Instructions to follow: Return, word for word, the line containing "Gebraucht Mercedes E350" and every line after it through the last line of the records below.

►

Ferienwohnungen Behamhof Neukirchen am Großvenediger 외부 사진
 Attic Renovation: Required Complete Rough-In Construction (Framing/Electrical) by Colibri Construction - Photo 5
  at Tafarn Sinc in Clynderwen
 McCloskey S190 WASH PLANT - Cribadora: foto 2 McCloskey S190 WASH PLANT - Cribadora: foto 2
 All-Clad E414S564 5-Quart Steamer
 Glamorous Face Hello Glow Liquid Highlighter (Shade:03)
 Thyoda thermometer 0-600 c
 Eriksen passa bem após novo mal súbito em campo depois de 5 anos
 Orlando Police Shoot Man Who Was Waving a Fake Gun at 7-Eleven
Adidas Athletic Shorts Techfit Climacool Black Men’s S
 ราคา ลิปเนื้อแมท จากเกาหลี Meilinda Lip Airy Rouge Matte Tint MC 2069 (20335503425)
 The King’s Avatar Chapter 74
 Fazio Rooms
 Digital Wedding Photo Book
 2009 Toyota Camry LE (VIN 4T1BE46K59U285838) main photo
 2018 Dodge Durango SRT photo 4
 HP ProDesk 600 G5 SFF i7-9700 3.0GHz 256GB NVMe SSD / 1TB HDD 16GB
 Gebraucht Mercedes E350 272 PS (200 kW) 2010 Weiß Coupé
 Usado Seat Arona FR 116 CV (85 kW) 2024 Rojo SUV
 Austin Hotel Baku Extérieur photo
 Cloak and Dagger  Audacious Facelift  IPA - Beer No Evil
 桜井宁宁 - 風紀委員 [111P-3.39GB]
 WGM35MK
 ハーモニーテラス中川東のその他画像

◄

Solution:
 Gebraucht Mercedes E350 272 PS (200 kW) 2010 Weiß Coupé
 Usado Seat Arona FR 116 CV (85 kW) 2024 Rojo SUV
 Austin Hotel Baku Extérieur photo
 Cloak and Dagger  Audacious Facelift  IPA - Beer No Evil
 桜井宁宁 - 風紀委員 [111P-3.39GB]
 WGM35MK
 ハーモニーテラス中川東のその他画像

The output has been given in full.